Tale intervento indusse mandanti ed esecutori ad una maggiore prudenza e mentre i concessionari avviarono una interminabile serie di cause legali (tutte vinte dall’amministrazione comunale), sotto traccia intimidazioni e ricatti continuarono, senza però spingersi oltre un certo limite.

L’atto più clamoroso fu il licenziamento di Graziano Ferrari (consigliere comunale di maggioranza) all’inizio del secondo mandato dell’amministrazione Valentini. Fu in quegli anni che, in una concitata discussione, a qualcuno scappò la frase: “Di’ a tuo marito di stare attento che noi abbiamo la mafia!” (bersaglio della minaccia era l’allora presidente Asuc); sarà stato per millantare, ma quando mi fu riferita quella frase rividi molti dei fatti accaduti in una luce diversa.

La “normalizzazione”

Probabilmente quelli furono anche gli anni dell’opzione definitiva in favore di una penetrazione lenta, quasi invisibile, una specie di osmosi non solo nei confronti del mondo imprenditoriale ma anche sul versante politico-amministrativo. Il fuoco e la dinamite avevano mostrato qual era il potenziale di violenza a disposizione e ciò bastava. La normalizzazione giunse nel 1995 con l’elezione a sindaco di Roberto Dalmonego, nella cui lista candidava per la prima volta un quasi sconosciuto quanto enigmatico artigiano di nome Giuseppe Battaglia, primo dei non eletti, entrato in consiglio comunale sul finire della consigliatura per la surroga di un dimissionario.

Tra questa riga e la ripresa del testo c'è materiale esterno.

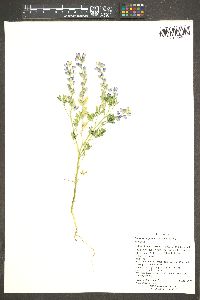 Lupinus arizonicus image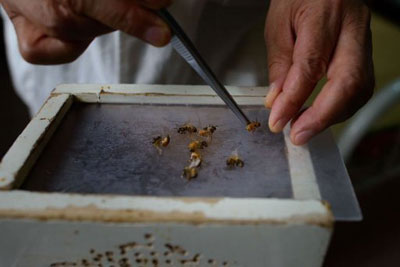 China usa picada de abelhas na medicina e recebe criticas de cientistas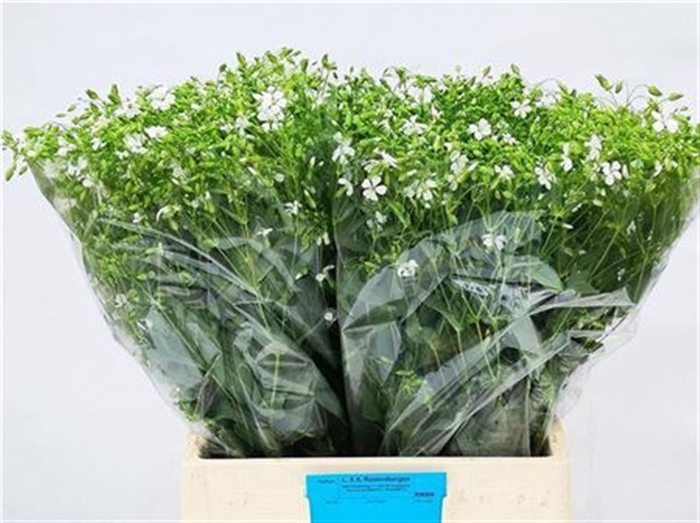<h4>Saponaria Bs Ov Wit</h4>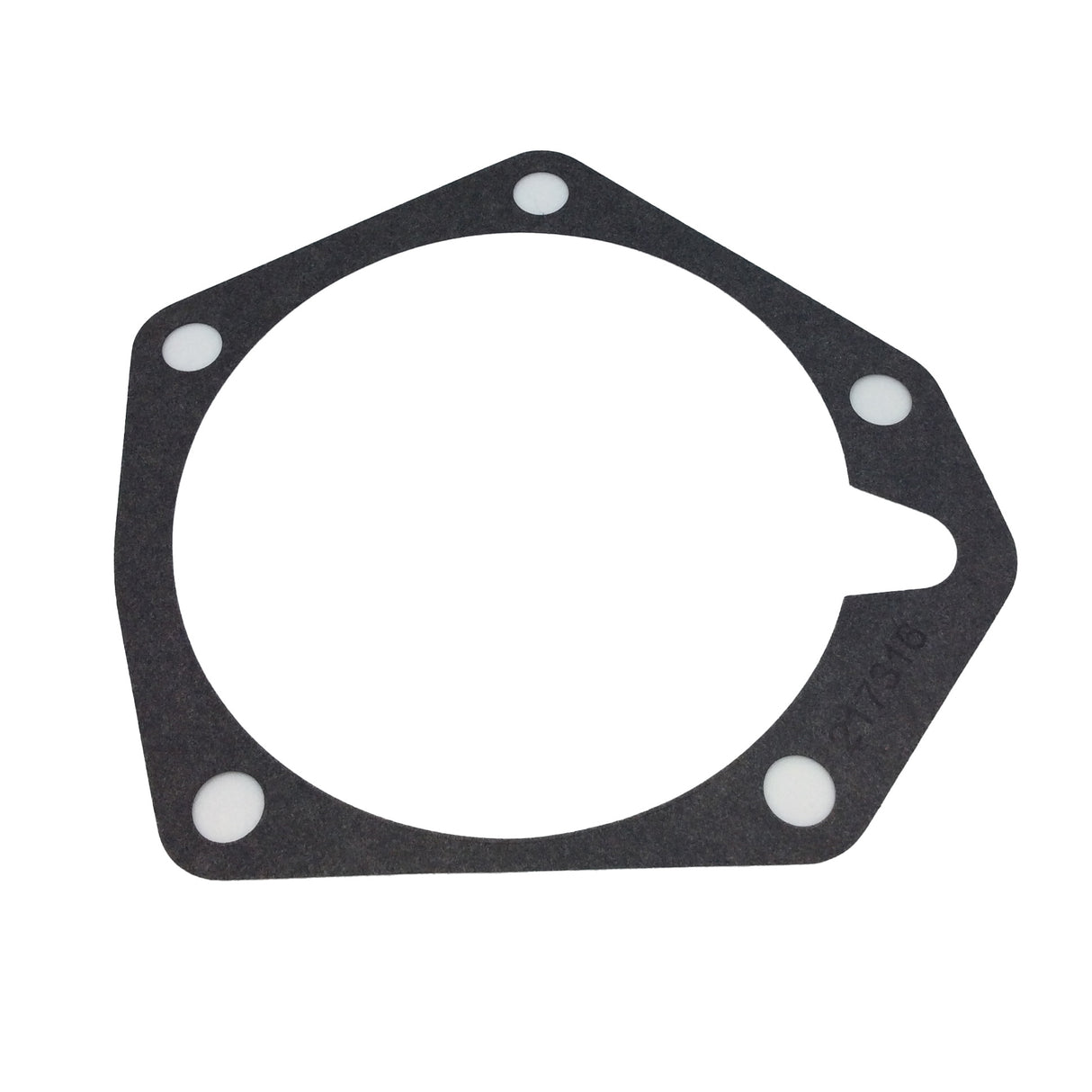 MINNPAR CLARK MICHIGAN - M0217316 - GASKET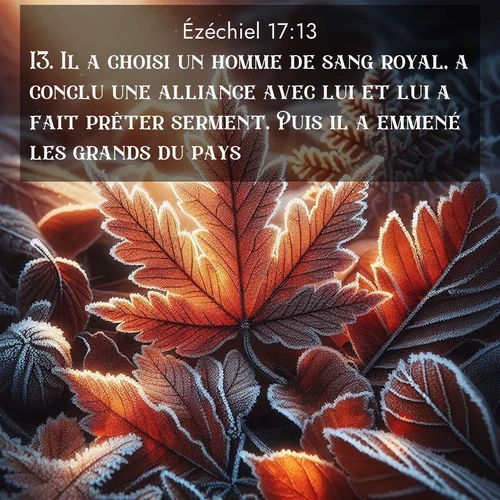 Segond21 Ézéchiel  ; image nature: image avec le verset biblique :Il a choisi un homme de sang royal, a conclu une alliance avec lui et lui a fait prêter serment. Puis il a emmené les grands du pays ;  ; 17:13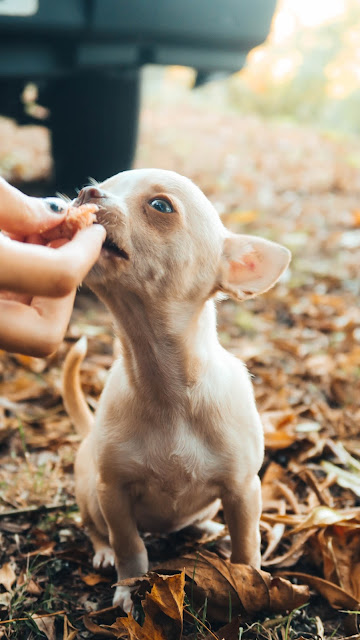 Alimentacion chihuahuas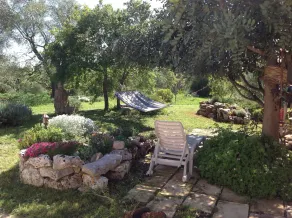 B & B The Owl. Trulli and Nature. Trullo The Lemon - Image 4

I primi passi nel mondo imprenditoriale dello stesso erano stati la costituzione della ditta Battaglia Giuseppe & C. Snc nel 1989, trasformata in Autotrasporti Battaglia Giuseppe & C. Snc nel 1993 (socio Sebastiano Macheda). Poi, nel 1993, la costituzione della ditta Battaglia Giuseppe & C. Srl, trasformata nel 2001 nella Pietre Naturali Macheda Srl (titolare Innocenzio Macheda) e nel 1994 la Porfidi Dossi Sas di Battaglia Pietro & C., di cui divennero soci i fratelli Battaglia e Domenico Fortugno.

I due soci originari di Lases cedettero con la ditta anche la concessione, ovviamente “sotto banco”, e questo fu per i “nostri” probabilmente il primo grosso affare fatto con i soldi provenienti dalla Calabria: pecunia non olet! Proprio la bonifica della ex cava trentina, tra la fine degli anni ‘90 e i primi anni 2000, aveva evidenziato la propensione a comportamenti non proprio rispettosi delle regole da parte di Giuseppe Battaglia che, unitamente al fratello Pietro e al legale rappresentante della Impresa Costruzioni Edili di Sonn Fabio & Co. Snc, venne condannato nel 2008 in via definitiva per aver scaricato nel riempimento della cava rifiuti speciali non pericolosi e non scarto di porfido come previsto dal progetto autorizzato (Cassazione penale sez. III, udienza 12.06.2008).

Ma in quel momento in Comune c’erano tutti e due i fratelli Battaglia, Giuseppe come assessore esterno alle cave e Pietro come consigliere nella maggioranza del sindaco Marco Casagranda, con vice sindaco Ezio Casagranda (segretario comunale ad Albiano) e la cosa passò inosservata. Anche perché nel frattempo i fratelli Battaglia erano inaspettatamente entrati nell’olimpo dei concessionari, con l’acquisto nel 1999 della cava di Camparta, in società con i cugini Carlo e Tiziano Odorizzi.

Dall’inizio degli anni 2000 i fratelli Battaglia sono stati quasi sempre presenti nelle amministrazioni comunali o in quelle frazionali a Lona-Lases, e quando ciò non si è verificato essi comunque erano gli sponsor più o meno occulti dei sindaci che si sono succeduti, da Marco Casagranda a Roberto Dalmonego.

Anche per lo scrivente, a questo punto, è necessario fare autocritica per essersi limitato a farsi da parte senza contrastare attivamente una tale deriva.

Sta di fatto che la tattica incruenta di Giuseppe Battaglia aveva dato i suoi frutti, costruendo un rapporto simbiotico con i maggiorenti locali e neutralizzando ogni opposizione, fino a rendere Lona-Lases simile al paese di Peppone e don Camillo!